Dans les années 90, Michka Assayas écrivait dans les Inrockuptibles des chroniques musicales qui avaient un ton singulier, nous touchant par leur subjectivité. En nous parlant du dernier Morrissey, de Joy Division, ou de ses éternels Beach Boys, Assayas en fait nous parlait de lui.

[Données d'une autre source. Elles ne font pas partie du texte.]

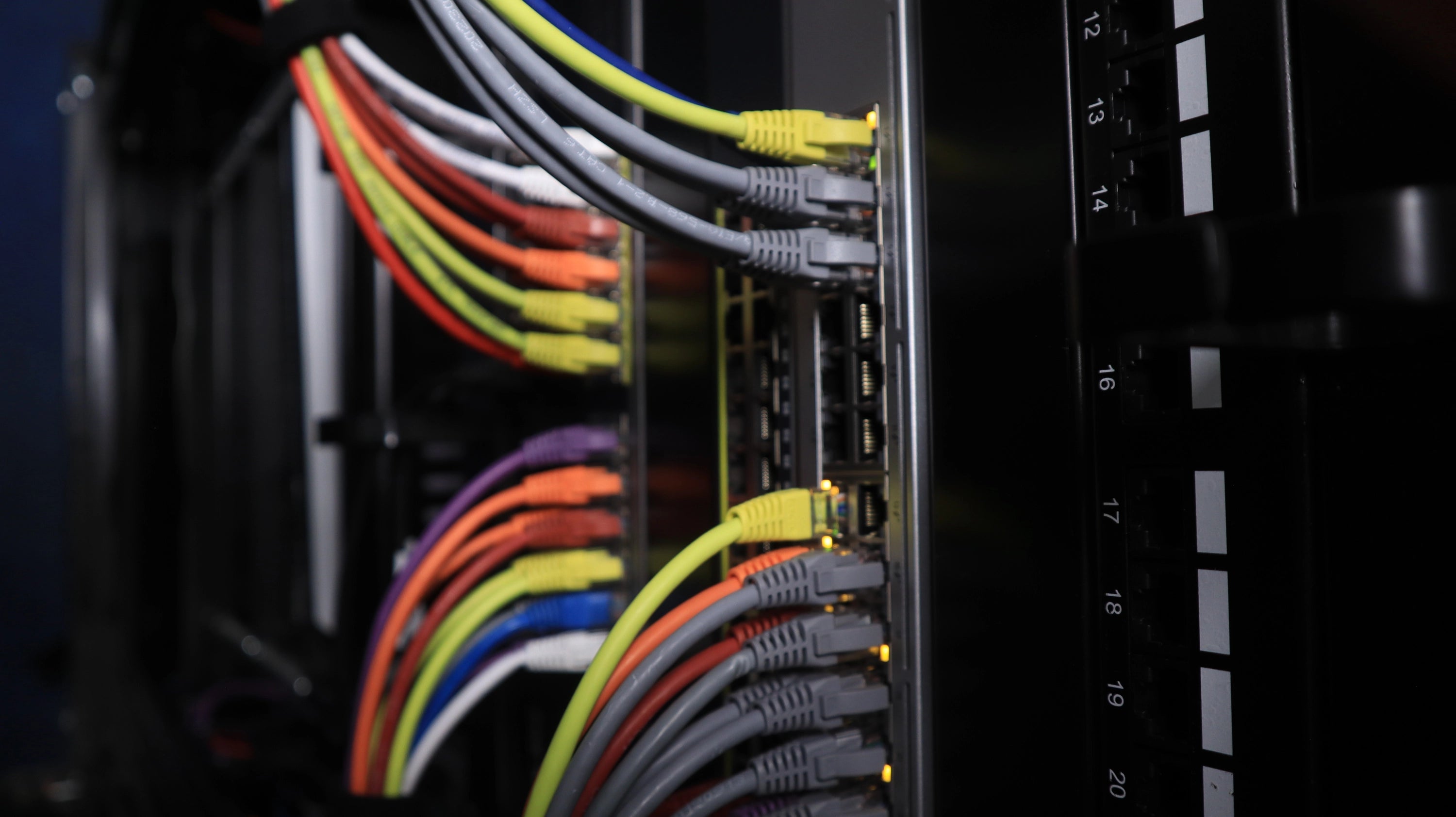 Close-up of network cables connected to a switch panel.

Dans ses récits on y retrouve également le même ton affirmé, le même détachement à l’endroit de la culture dominante. Les dernières pages d’un de ses premiers livres (Les Années Vides ou Dans sa peau, je ne sais plus) décrivent l’impact de Pet Sounds sur sa sensibilité d’adolescent, et son entrée difficile dans le monde adulte. Les références au rock sont inévitables chez l’auteur du Dictionnaire du Rock, mais dans ses récits ces références renvoient toujours à un élément autobiographique. Il ne s’agit pas, pour lui, de nous parler de son exaltation pour un groupe, mais de ce que son écoute a impliqué dans sa vie.

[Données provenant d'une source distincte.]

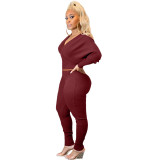 Women's Solid Color Ribbed Large V-Neck Off-the-Shoulder Sexy Two-Piece Set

Dans son dernier livre Faute d’identité, Michka Assayas nous parle de son enfance, mais aucunement sur le mode de la confession ou de la thérapie : il se sent forcé de le faire : "ce livre est le surgissement de ma conscience face à un destin qui, brusquement, m’écrase". Le destin dont il parle enveloppe la perte d’un passeport en 2009, amenant l’auteur à s’interroger sur son identité face à l’incroyable difficulté, dans la France d’aujourd’hui, de régulariser sa situation. Il ne suffit pas d’être français, né en France de parents français, pour justifier de son identité française : encore faut-il le prouver.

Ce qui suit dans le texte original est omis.